Though the firm's core business is audit, it had created a large professional consulting branch, as did other major accountancy firms, generating about 35% of its fees. Management Consulting Services (MCS) was the fastest growing and often most profitable area of the practice, though it was cyclical. The major cause for growth in the Nineties was the implementation of complex integrated ERP systems such as SAP R/3 for multi-national companies. However PwC came under increasing pressure to avoid conflicts of interests by not providing consulting services to its audit clients. Since it audited a large proportion of the world's largest companies, this was beginning to limit its potential market. These conflicts were going to increase when additional services such as the outsourcing of ERP systems were offered. PwC therefore planned to capitalize on MCS's rapid growth through its sale to Hewlett Packard (for a reported $17 billion) but negotiations broke down in 2000. During 2000, rival firm Arthur Andersen had spun off its consulting activities as Accenture for similar reasons.

The need to separate MCS (by then known as PwC Consulting) then became urgent when the Enron scandal occurred, in which Arthur Andersen had earned large fees in devising accounting schemes which it should have questioned in its role as the auditor. PwC therefore announced in May 2002 that its consulting activities would be spun off as an independent entity. An outside consultancy, Wolf Olins, was hired to create a brand image for the new entity, which was introduced to the public as "Monday". According to a June 2002 BBC news article, the firm's CEO, Greg Brenneman described the unusual name as "a real word, concise, recognisable, global and the right fit for a company that works hard to deliver results."

These plans were soon revised, however. In October 2002 PricewaterhouseCoopers sold the consultancy business to IBM for approximately $3.5 billion in cash and stock. In August 2003, IBM revealed that the actual value of the deal was closer to $3.9 billion.

Today, PricewaterhouseCoopers brands its remaining consulting activities as Advisory Services, directed globally by Alec Jones in PwC London. Advisory services are organized by country and by industry sector. PricewaterhouseCoopers also has developed several broader consulting initiatives in the Enterprise Risk Management (ERM) framework, including a global effort to assist corporations with outsourcing, as well as a global political risk assessment and risk management service with the political risk advisory firm Eurasia Group.

This also includes a less known professional service which is actuarial related.
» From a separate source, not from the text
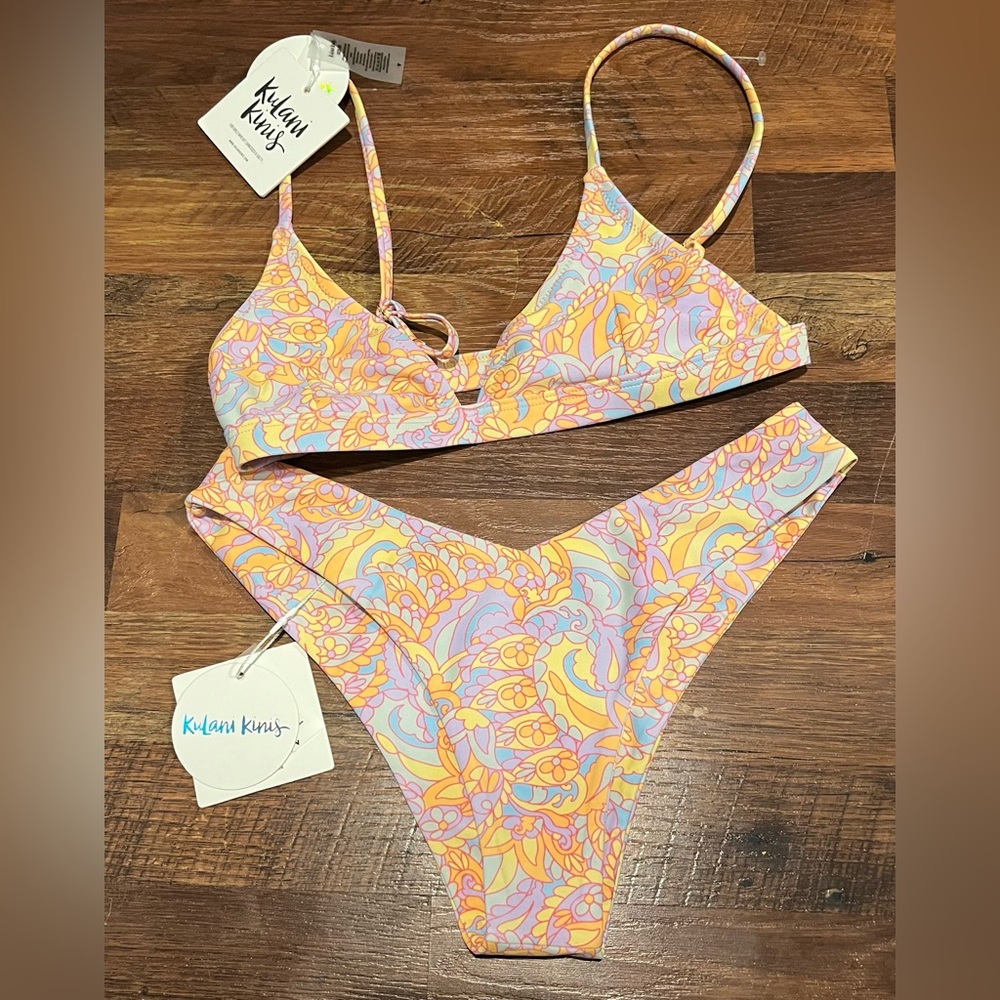 *KULANI KINIS* whipped wonder bikini full set size xs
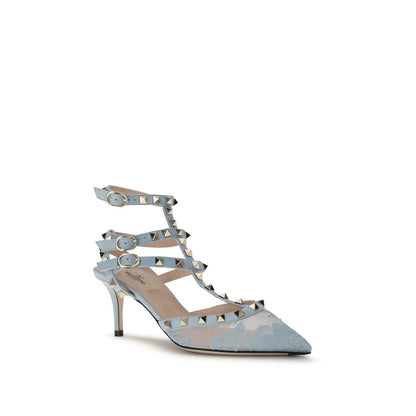 Valentino Garavani Rockstud Ankle Strap Pumps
Actuarial covers mainly 4 areas: pension, life insurance, non-life insurance and investment.

PricewaterhouseCoopers serves the federal government through their Washington Federal Practice (WFP). PwC has over 2000 professionals based in the Washington Metro Corridor. WFP’s mission is to become the U.S. Federal Government’s preferred provider of advisory and assurance services. PwC WFP helps government agencies solve complex business issues, manage risk and add value to performance through their comprehensive service offerings in financial management, program management, operations improvement, and security and data management.